Although medical support was provided by doctors and nurses; the real drivers of this neighbourhood initiative were local community members. Common people living their everyday lives in the neighbourhood came together and drew support from one another. They mobilised locally available resources and assets to provide care for the dying and their families.
By 2007, the number of such autonomous palliative care centres throughout Kerala grew to 100. These centres were driven by thousands of volunteers with financial support from within the local neighbourhoods. An underlining statement of equity identified every volunteer as a leader.
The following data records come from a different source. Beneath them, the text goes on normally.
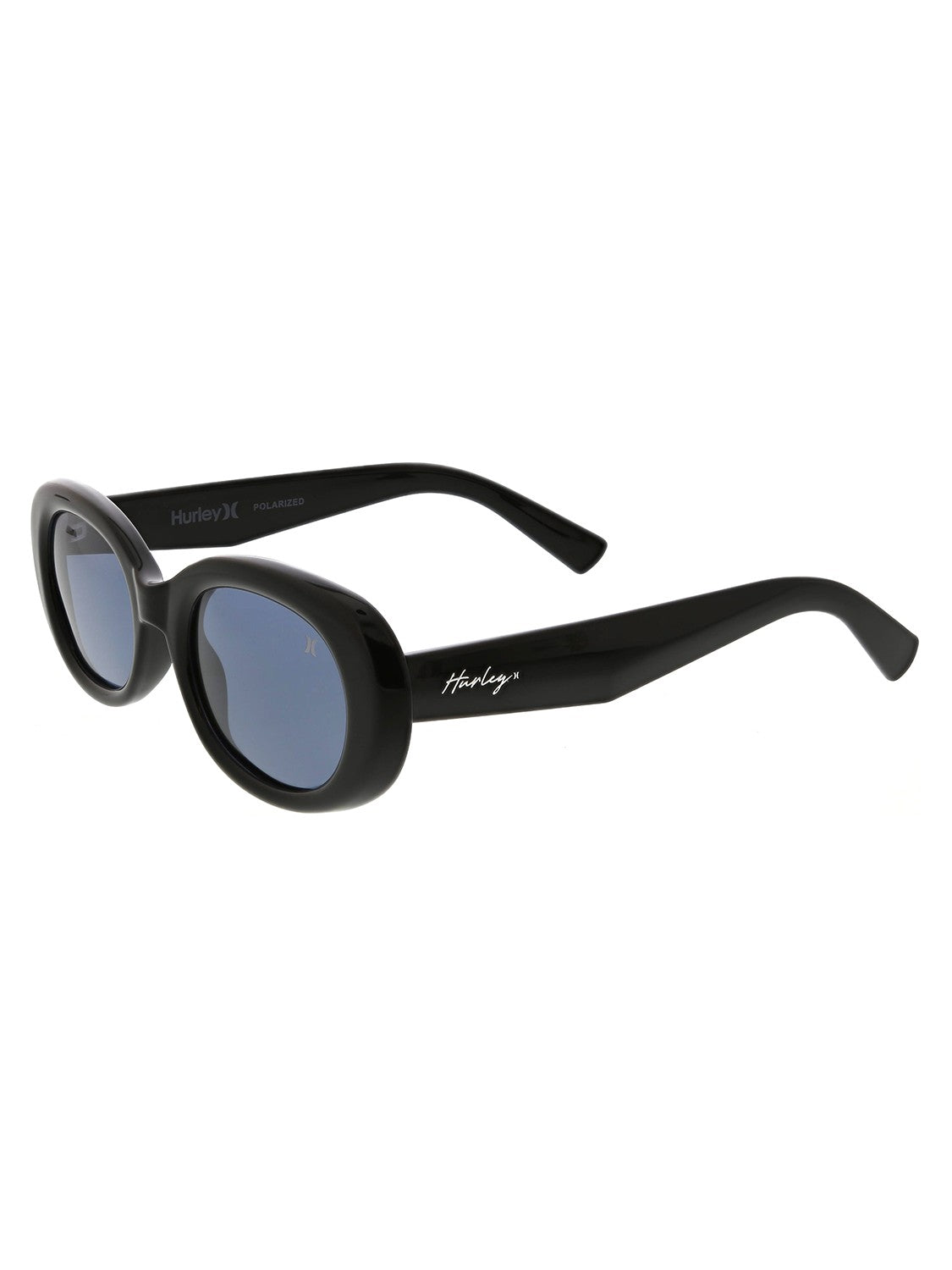 Azul Slim Sunglasses | Hurley - Black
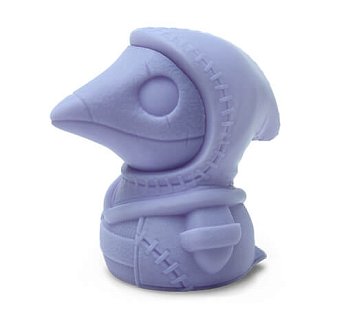 Фотополимерная смола Phrozen Aqua Macaroon, фиолетовая (1 кг)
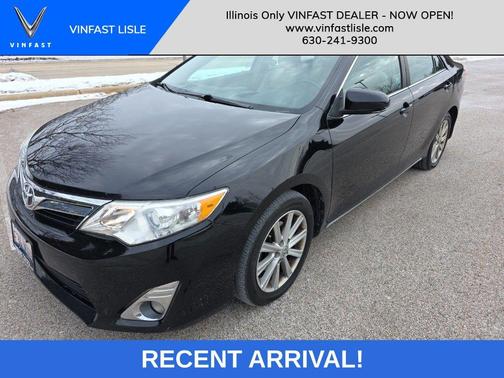 2012 Toyota Camry XLE
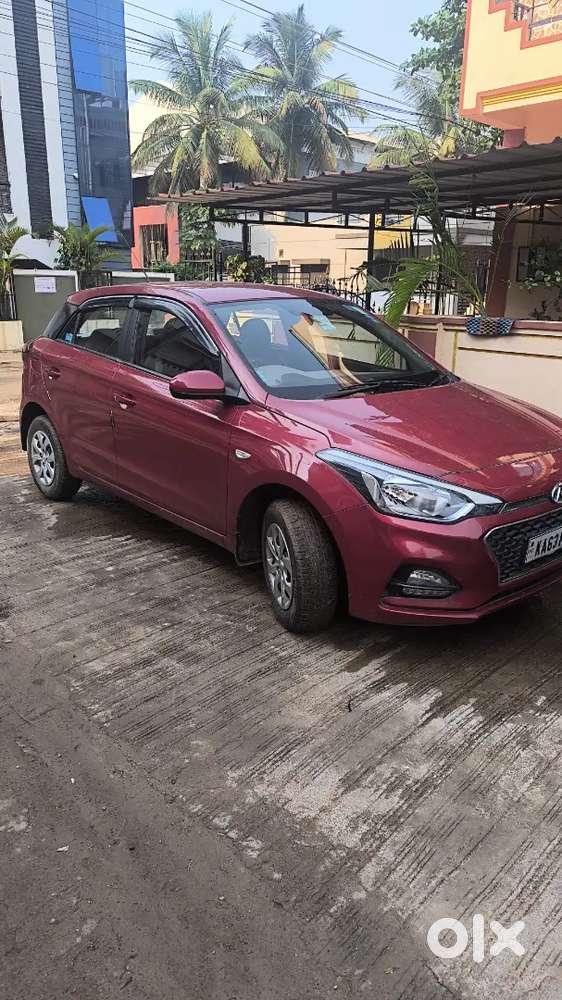 Hyundai Elite I20 2019 Petrol 25000 Km Driven
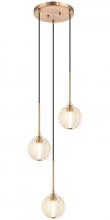 Matteo Lighting C61603AGCL - JEMYCA Pendants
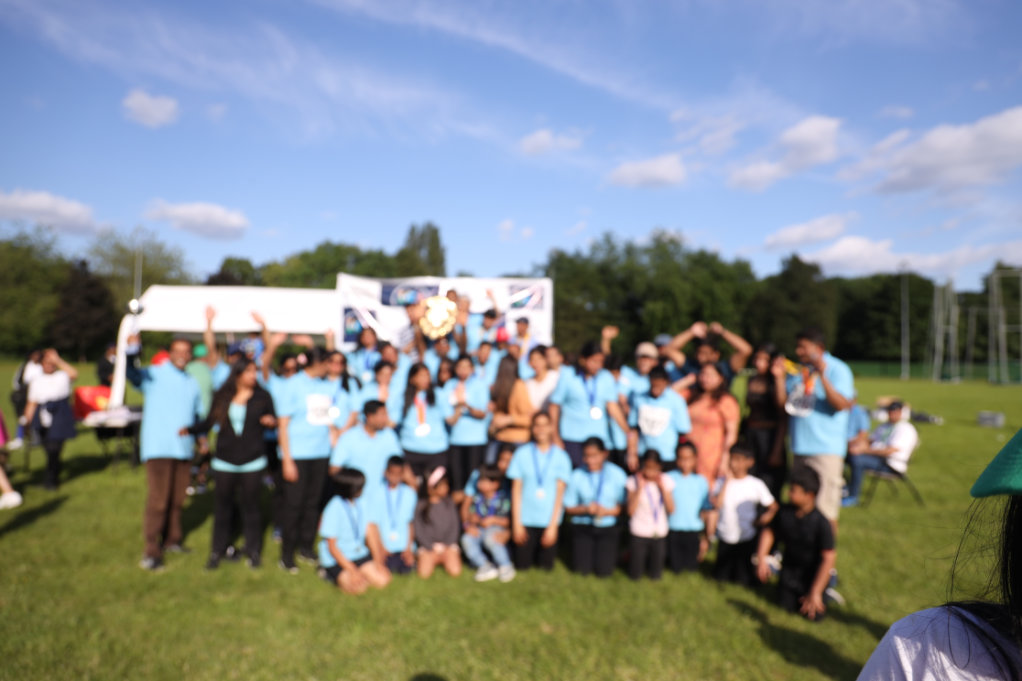 KCA UK Intercity Athletics Meet 2024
With one-sixth of the world’s population, India sees around 60 million deaths each year. Kerala has a population of approximately 35 million. Today, over 1600 institutions deliver palliative care services throughout the state. Notably, of the 2000 palliative care services in India, 80 percent are in Kerala with tens of thousands of trained volunteers. Palliative services are available in every district in Kerala, reaching an estimated 70 percent of those in need, compared to the national average in India of 23 percent.
The success of the Kerala model demonstrates how civil society and healthcare services can work collaboratively to deliver care for people at the end of life. The model depends on how well these initiatives are based on local needs and interpretations. With recognition from the WHO’s Collaborating Centre for Community Participation in Palliative Care and Long Term Care, the Kerala model of palliative care is now being tested not only in other states in India (Puducherry, West Bengal, Manipur, and Delhi) but also in Bangladesh, Indonesia, Myanmar, and Thailand.
Not only have these initiatives built a successful model for community-driven palliative care in India, sustained advocacy led the Indian government to announce a National Program for Palliative Care. A postgraduate course in palliative medicine was initiated in 2012. By 2017, palliative care was included as part of the national health policy and in 2019 it was included as part of undergraduate medical education. Meanwhile, the Narcotic Drugs and Psychotropic Substances law was modified in 2014, simplifying the process of prescribing opioids and improving its access in India.
Redefining the narrative
The Covid-19 pandemic exposed us to the fear of dying alone in a hospital bed, away from family and friends. Millions of terminally-ill patients around the world have lived and continue to live in this constant fear. The Kerala model for palliative care shows it’s possible to build a successful participatory system to deliver end-of-life care and maximise its access.
Ordinary people are willing to step forward to care for the dying and support their families. However, mutual relationships and connections of volunteers with people at end-of-life and their relatives are important. There is also a need to redefine the narrative around death and dying – making it a social concern, rather than a purely medical decision.